__DATA SECTION__
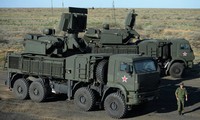 Nga lần đầu khai hỏa tổ hợp pháo - tên lửa phòng không Pantsir-S1 ở bán đảo Kamchatka. Ảnh: RIA Novosti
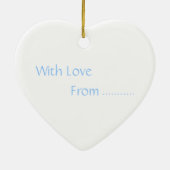 ハートトリオオーナメント セラミックオーナメント (裏面)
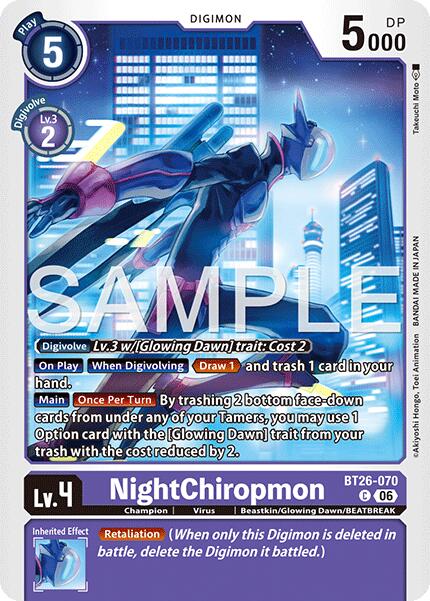 NightChiropmon [BT26-070] [Timeless Bonds] | Anubis Games and Hobby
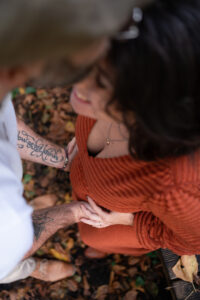 Séance photo grossesse forêt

__TASK STATEMENT__
The line with "ハートトリオオーナメント セラミックオーナメント (裏面)" and each line after it, through the final line of the data, are to be duplicated exactly, with pictures left out and nothing more included.

__OUTPUT FOR THIS EXERCISE__
 ハートトリオオーナメント セラミックオーナメント (裏面)
 NightChiropmon [BT26-070] [Timeless Bonds] | Anubis Games and Hobby
 Séance photo grossesse forêt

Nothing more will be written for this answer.